In Holland there are also lots of mink farms being liquidated. It is however not without an anti-EU-policy bias. Now corona makes it possible for the Dutch government to close the mink farms and to compensate the farmers without the EU-control & limitations.


----------



## CnC Bartok (Jun 5, 2017)

I've never tasted mink, what's it like?


----------



## Barbebleu (May 17, 2015)

A cross between weasel and musk rat I would guess from the look of it!


----------



## Guest (Nov 7, 2020)

Jacck said:


> poor minks. Such as mass scale genocide


I have a mink stole which I inherited from my mother; it's stored away and I'm frightened to get it out!!

Seriously, though, we were and are always at the mercy of pandemics. With populations now at explosive levels it stands to reason that this is 'nature's way'. Most who get it do not die and it mainly affects the aged cohort. This new strain found in minks; I long ago heard that the/a coronavirus can mutate and actually does regularly and this is why a vaccine is going to be useless. We had a very large chicken farm (intensive agriculture) for many years and the industry had to fight off the deadly 'Newcastle Disease' when many millions of chickens (not ours) had to be slaughtered. Similar to the Tyson corporation in the USA which was then known for its integrated chicken processing, we reared our chickens for a large company in Australia.
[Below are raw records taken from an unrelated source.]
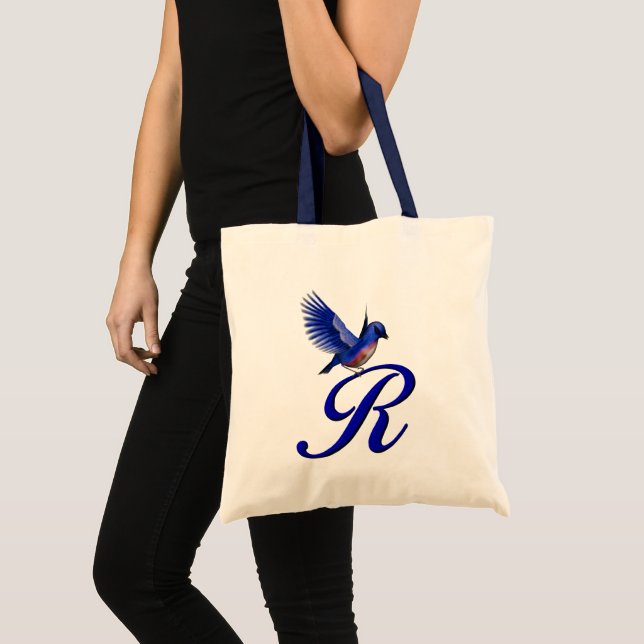 Bolsa Tote Monograma Inicial R Pássaro Azul (Frente (produto))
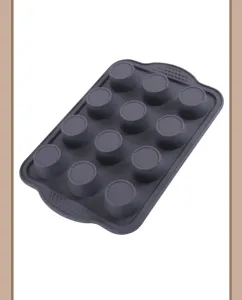 moule a gateaux 12 cavites silicone muffin antiadhesif plaque pain four gris fonce cuisine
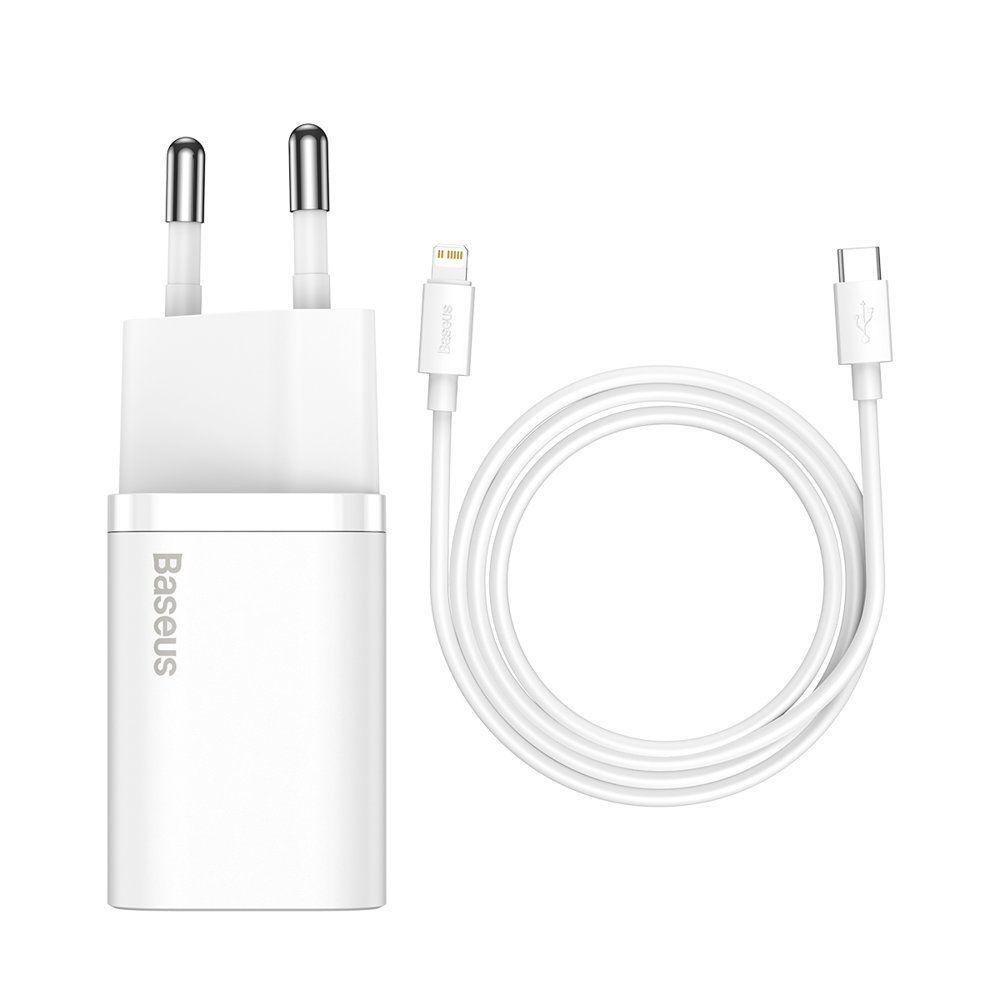 Chargeur secteur USB Type C + 1 câble USB-C Lightning 1M 20W Baseus Blanc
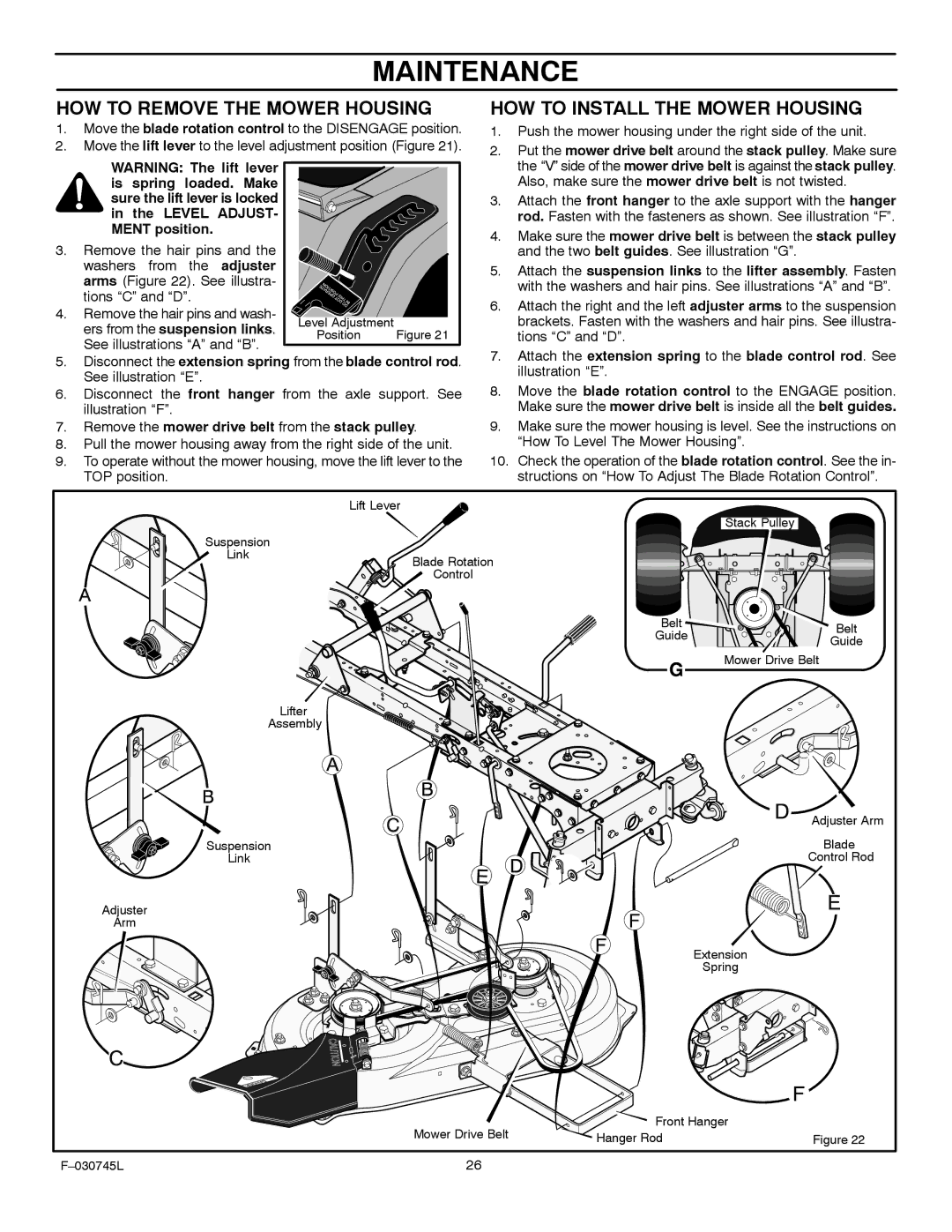 Murray 405000x8B manual HOW to Remove the Mower Housing, HOW to Install the Mower Housing 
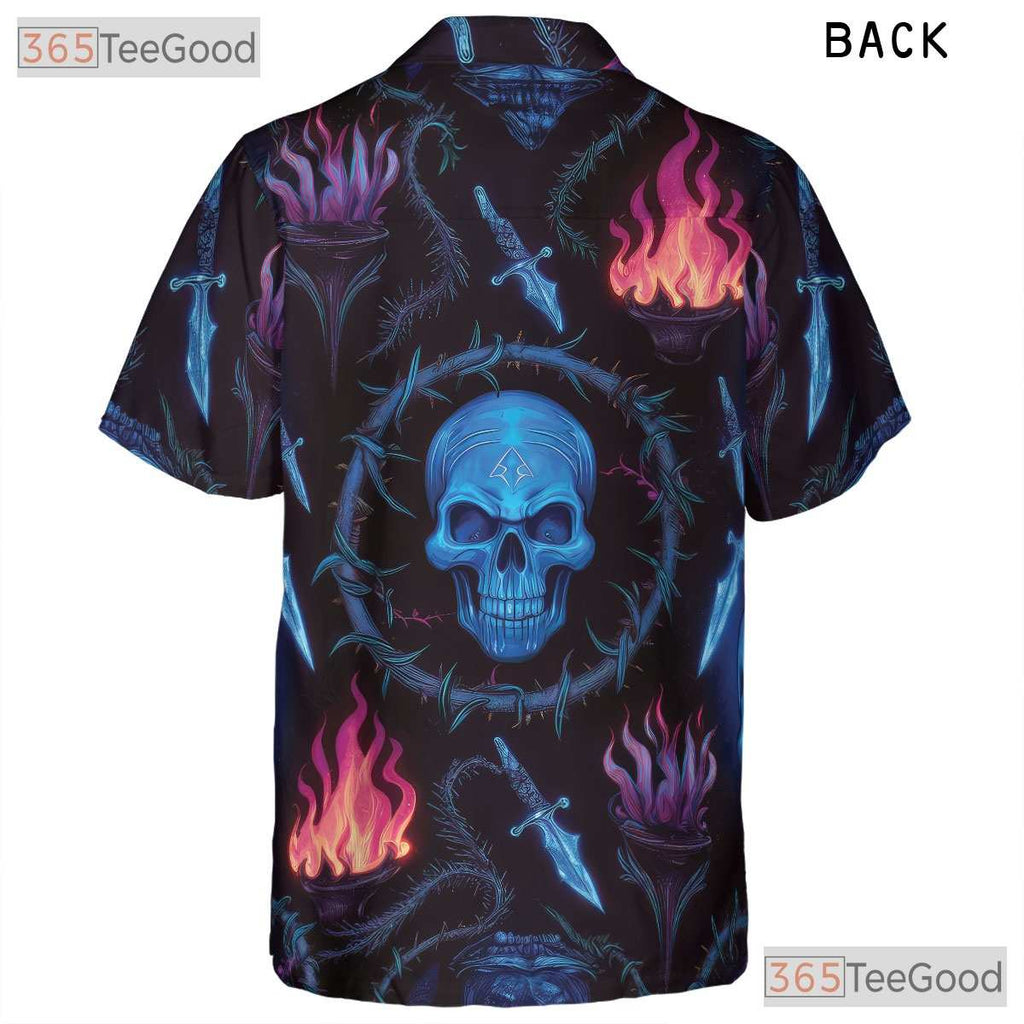 Blue Skull Print Gothic Horror Skeleton Hawaiian Tee Unisex Summer Beach Outfit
Some of these diseases, which are very serious and can be transgenic, are Avian Encephalomyelitis, Avian Influenza, Avian Tuberculosis and good old E-coli. The minute human beings think they can control their environment and food production along comes a virus to prove otherwise. That might be on top of biblical plagues of locusts and any number of fungal infections for crops etc. Foot and Mouth Disease is, I believe, transgenic. There's a powerful and poignant scene in Martin Ritt's film "*Hud*" which shows cattle being slaughtered because of Foot and Mouth. (Not to be confused with Foot In Mouth, which some politicians have!) Remember when the people of Britain and Europe were afraid to eat meat? 'Mad Cow Disease', it was called. Pigs are also a reliable source of transgenic disease: remember "Swine Flu"?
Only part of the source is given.